-- Task to complete --
Leaving out pictures, output exactly the lines below from the one that has "Picture of Easy" through the one that has "Бюстгальтер T-Shirt с", and nothing else.
• • • •
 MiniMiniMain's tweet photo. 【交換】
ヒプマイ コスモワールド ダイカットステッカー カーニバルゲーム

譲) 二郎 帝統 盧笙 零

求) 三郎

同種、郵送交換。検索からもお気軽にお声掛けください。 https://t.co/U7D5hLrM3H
• • • •
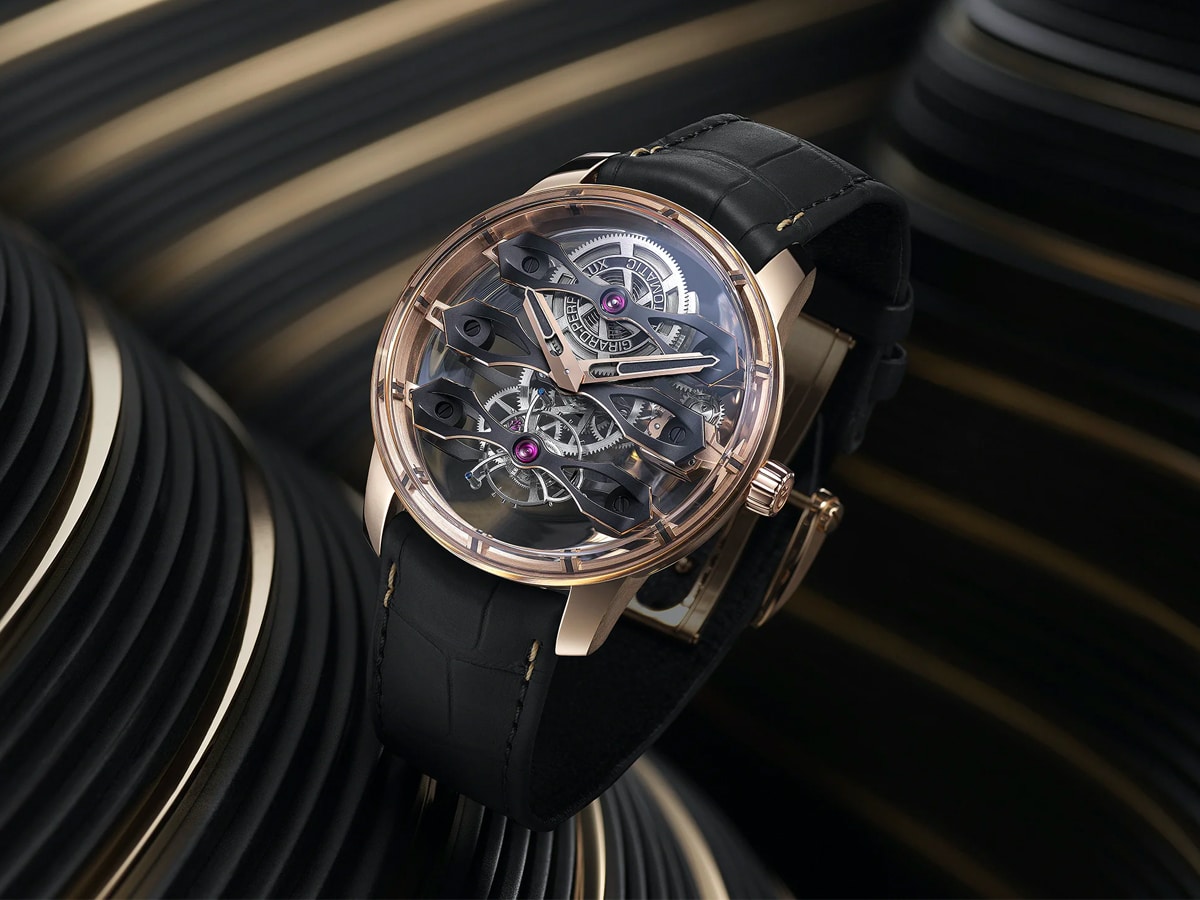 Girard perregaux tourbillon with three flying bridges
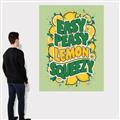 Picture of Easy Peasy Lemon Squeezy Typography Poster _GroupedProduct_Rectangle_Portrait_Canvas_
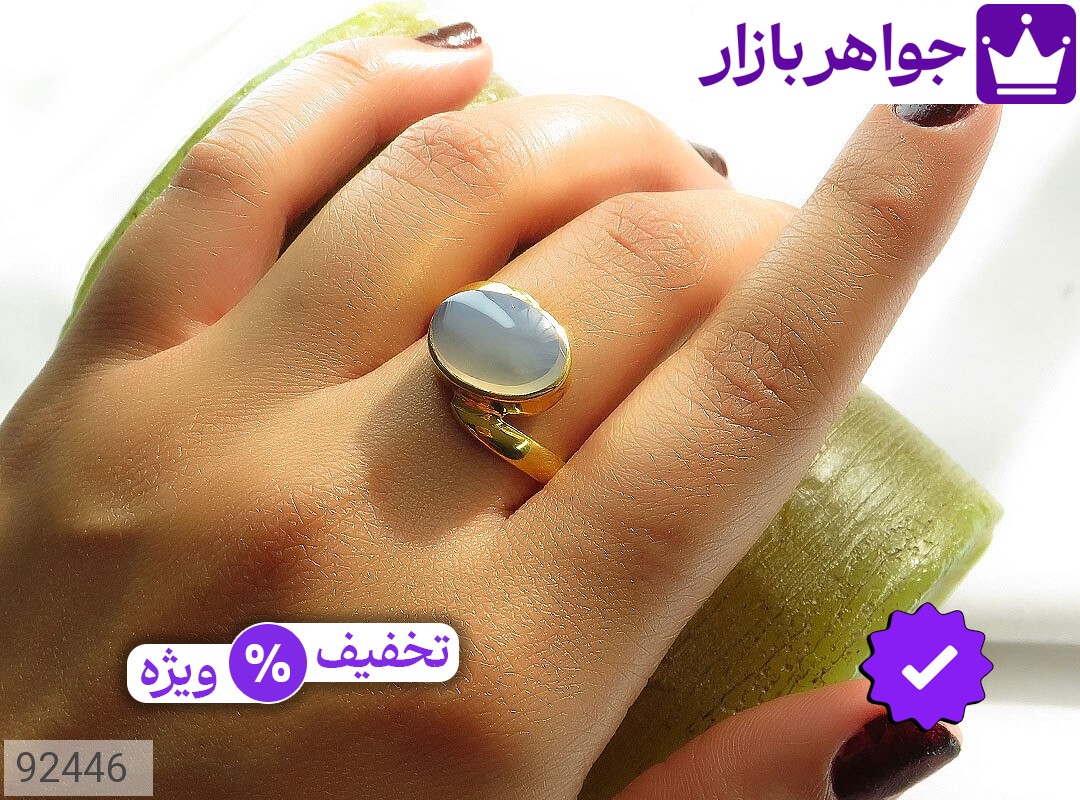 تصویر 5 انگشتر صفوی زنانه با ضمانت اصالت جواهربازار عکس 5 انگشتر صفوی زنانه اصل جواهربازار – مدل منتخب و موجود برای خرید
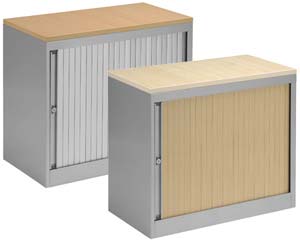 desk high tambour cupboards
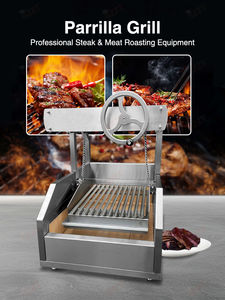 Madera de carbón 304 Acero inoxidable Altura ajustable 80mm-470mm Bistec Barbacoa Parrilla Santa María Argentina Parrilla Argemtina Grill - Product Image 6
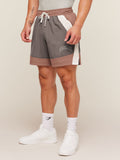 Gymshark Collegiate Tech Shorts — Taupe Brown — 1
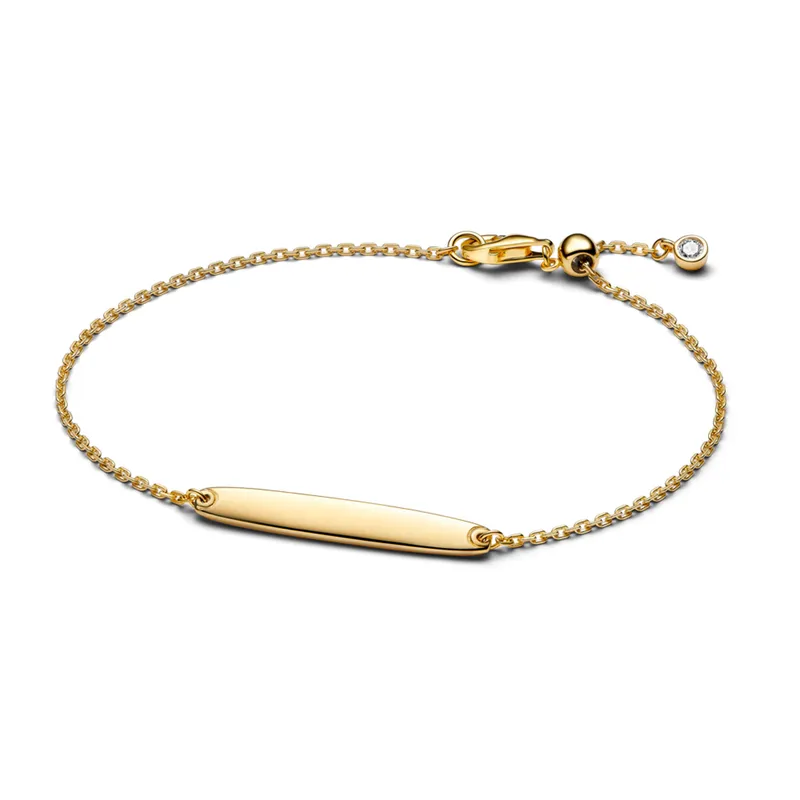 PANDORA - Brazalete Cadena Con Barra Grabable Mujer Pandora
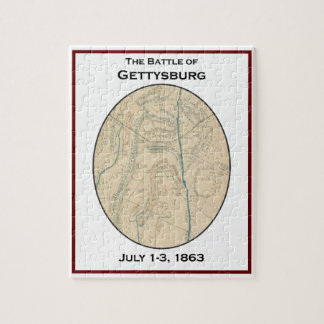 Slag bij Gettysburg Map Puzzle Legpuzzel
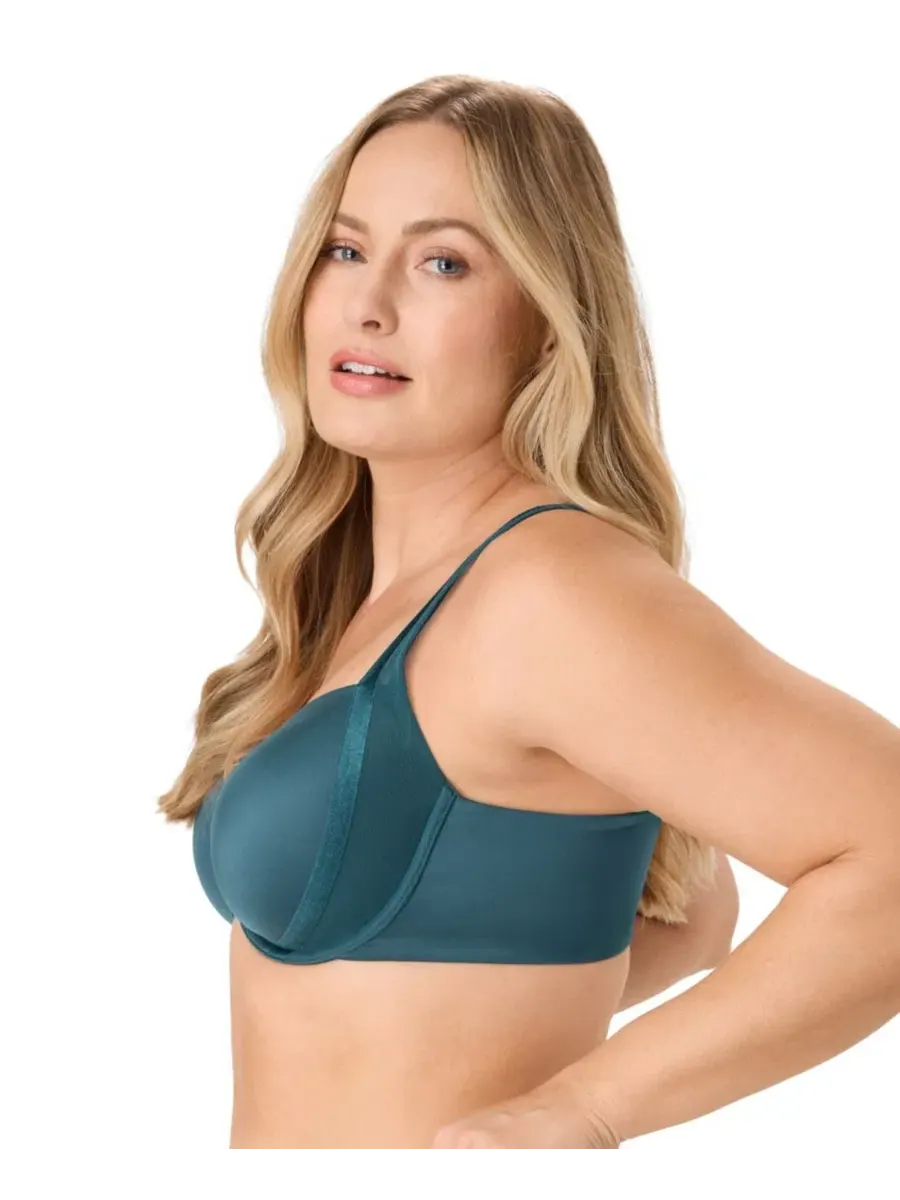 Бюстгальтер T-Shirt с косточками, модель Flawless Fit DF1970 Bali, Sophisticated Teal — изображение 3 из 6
• • • •
-- Answer for the task --
 Picture of Easy Peasy Lemon Squeezy Typography Poster _GroupedProduct_Rectangle_Portrait_Canvas_
 تصویر 5 انگشتر صفوی زنانه با ضمانت اصالت جواهربازار عکس 5 انگشتر صفوی زنانه اصل جواهربازار – مدل منتخب و موجود برای خرید
 desk high tambour cupboards
 Madera de carbón 304 Acero inoxidable Altura ajustable 80mm-470mm Bistec Barbacoa Parrilla Santa María Argentina Parrilla Argemtina Grill - Product Image 6
 Gymshark Collegiate Tech Shorts — Taupe Brown — 1
 PANDORA - Brazalete Cadena Con Barra Grabable Mujer Pandora
 Slag bij Gettysburg Map Puzzle Legpuzzel
 Бюстгальтер T-Shirt с косточками, модель Flawless Fit DF1970 Bali, Sophisticated Teal — изображение 3 из 6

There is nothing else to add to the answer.